In the first deal, The Carlyle Group sold 650 Madison Avenue in midtown Manhattan to Crown Acquisitions and Highgate Holdings for $1.3 billion. That marked the largest single-asset sale in the US since a consortium consisting of Jamestown Properties, Taconic Investment Partners and the New York State Common Retirement Fund sold 111 Eighth Avenue to Google for $1.8 billion in 2010 – and that obviously was an owner-occupier deal.
Any coronation of the Washington DC-based private equity firm as king of the billion-dollar deals, however, was short lived. The very next day, it was announced that Goldman Sachs and Dubai-based real estate investment firm Meraas Capital had sold their combined 40 percent stake in the General Motors Building in midtown Manhattan to a joint venture between Zhang Xin, chief executive of developer SOHO China, and the New York-based investment arm of the Safra family for approximately $1.4 billion, valuing that building at roughly $3.4 billion.
Then, six days later, the Wall Street Journal reported a joint venture between Ivanhoe Cambridge and Callahan Capital had agreed to purchase a 49 percent stake in 1211 Sixth Avenue for not far off the $1 billion mark, valuing the Manhattan office tower at $1.75 billion. In addition, a recent report from Reuters revealed that Cammeby’s International Group had offered to buy the Empire State Building for $2 billion.
Compared to previous years, this is glut. Data from Jones Lang LaSalle (JLL) shows that $1 billion-plus single-asset transactions have been scarce since the credit crunch. In 2007, one year before the global financial crisis, there were 11 such deals recorded, all of them in New York. Not surprisingly, only two took place in 2008. Since then, aside from Google’s purchase of 111 Eighth Avenue in 2010 and RXR Realty’s purchase of 601 West 26th Street for $920 million in 2011, there was none of this magnitude from 2009 through 2012.

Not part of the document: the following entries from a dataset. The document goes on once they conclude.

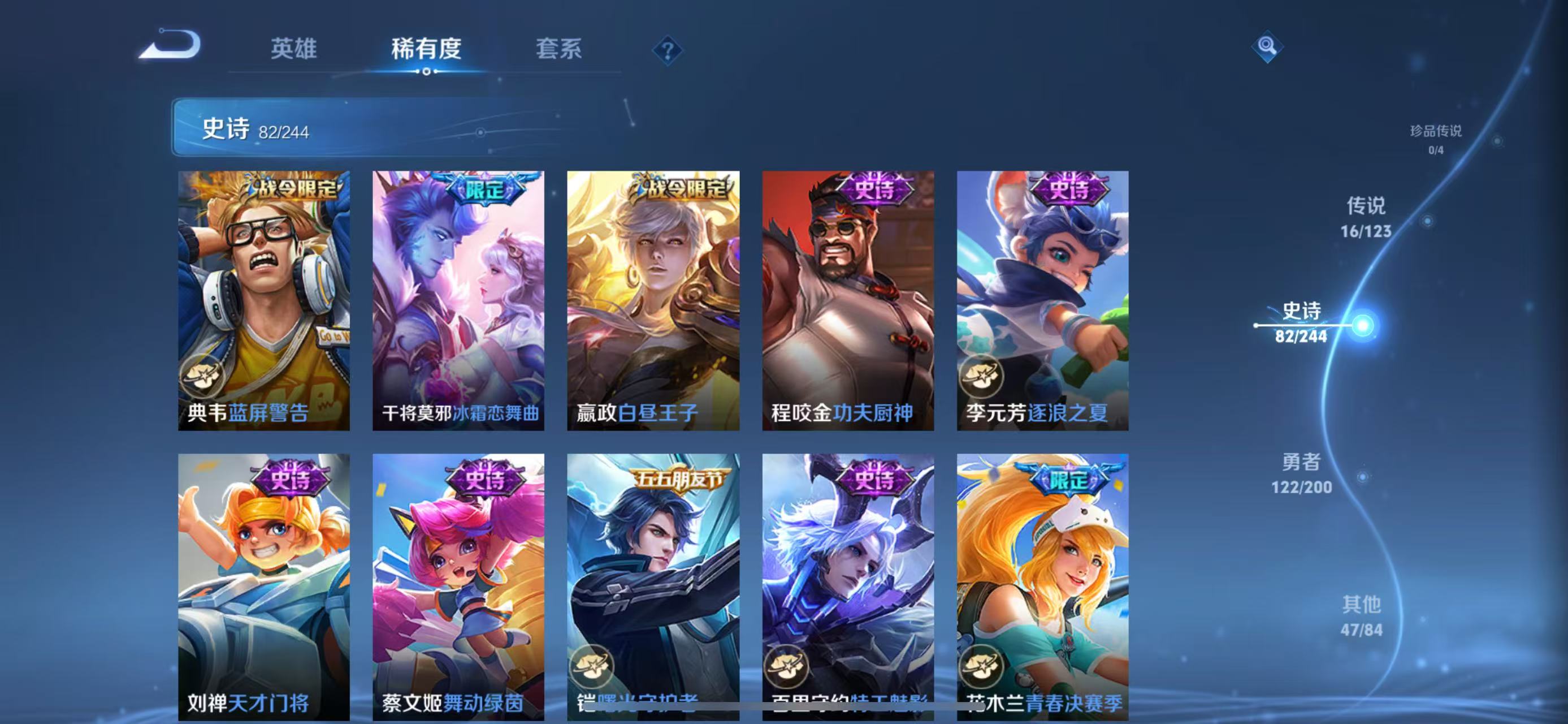 WZQM3169709王者荣耀账号详情图4 WZQM3169709王者荣耀账号详情图4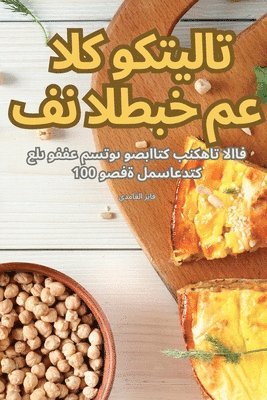 bokomslag &#1601;&#1606; &#1575;&#1604;&#1591;&#1576;&#1582; &#1605;&#1593; &#1575;&#1604;&#1603;&#1608;&#1603;&#1578;&#1610;&#1604;&#1575;&#1578;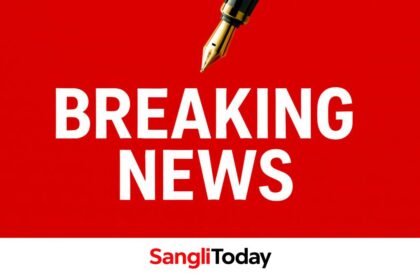 Sambhaji Bhide Controversial Statement Dandiya Sangli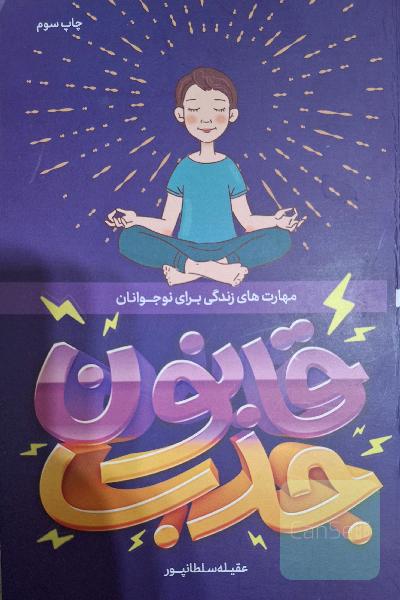 قانون جذب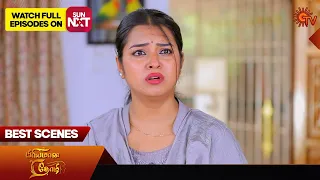 Priyamaana Thozhi - Best Scenes | 29 March 2024 | Tamil Serial | Sun TV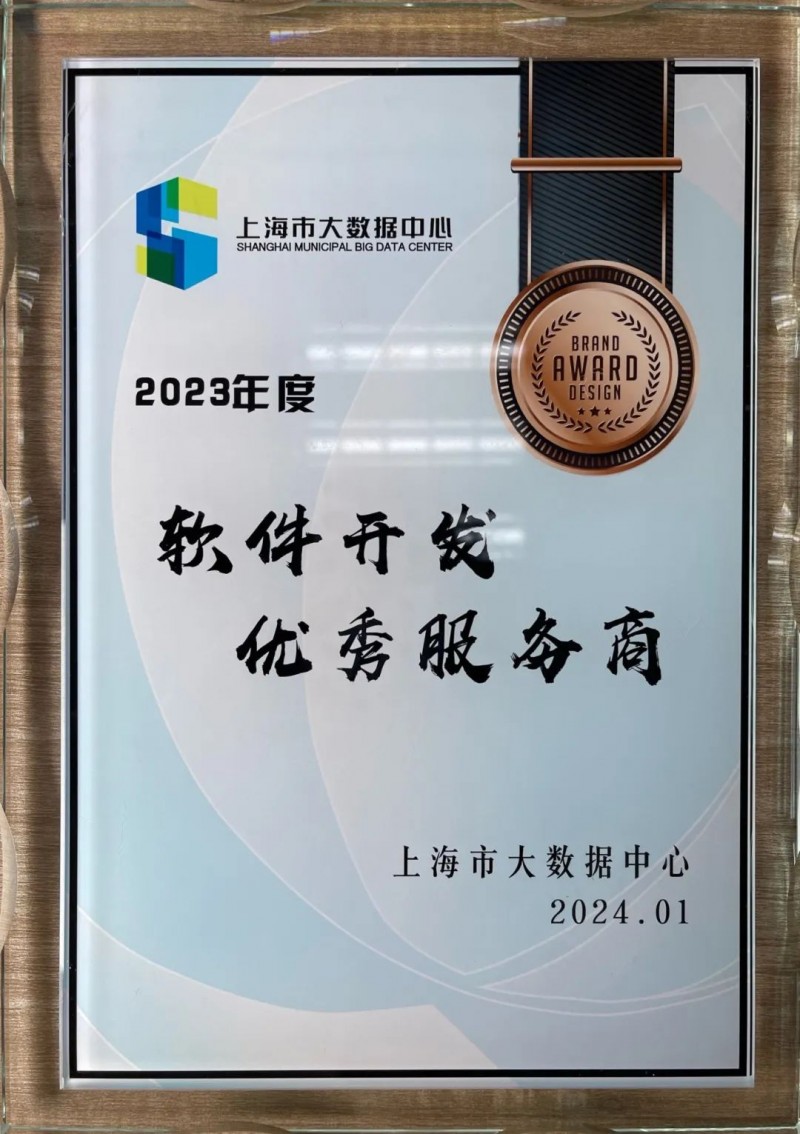 上海软件开发行业的新浪潮：智能与创新并进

So, has the billion-dollar deal returned? “I think they have returned, and we’ll be seeing more of them,” said Peter DiCorpo, president of CBRE Global Investors’ managed accounts group.
DiCorpo, whose firm represented Meraas Capital in the GM Building deal, noted that foreign capital was becoming more prevalent in the US market. In addition, investors are more willing to invest up to $200 million or even $300 million in equity to buy a minority stake in a building and use a high amount of leverage.
On seeing more deals in the billion-dollar range, Jonathan Caplan, vice chairman of the New York capital markets group at JLL, said: “It would make sense, given the size of this market, pricing recovery, demand and the number of large buildings in Manhattan.”
An abundance of affordable debt and the recent re-emergence of single-asset securitizations are helping push such giant deals. Indeed, for core deals like these, there are a wide variety of debt options, allowing firms to borrow up to 80 percent on a loan-to-value basis, experts said.
With increased demand, low interest rates and greater availability of debt, transactions like the GM Building or 650 Madison very well could go from being outliers to commonplace in the next couple of years. “This is just the beginning,” predicted DiCorpo.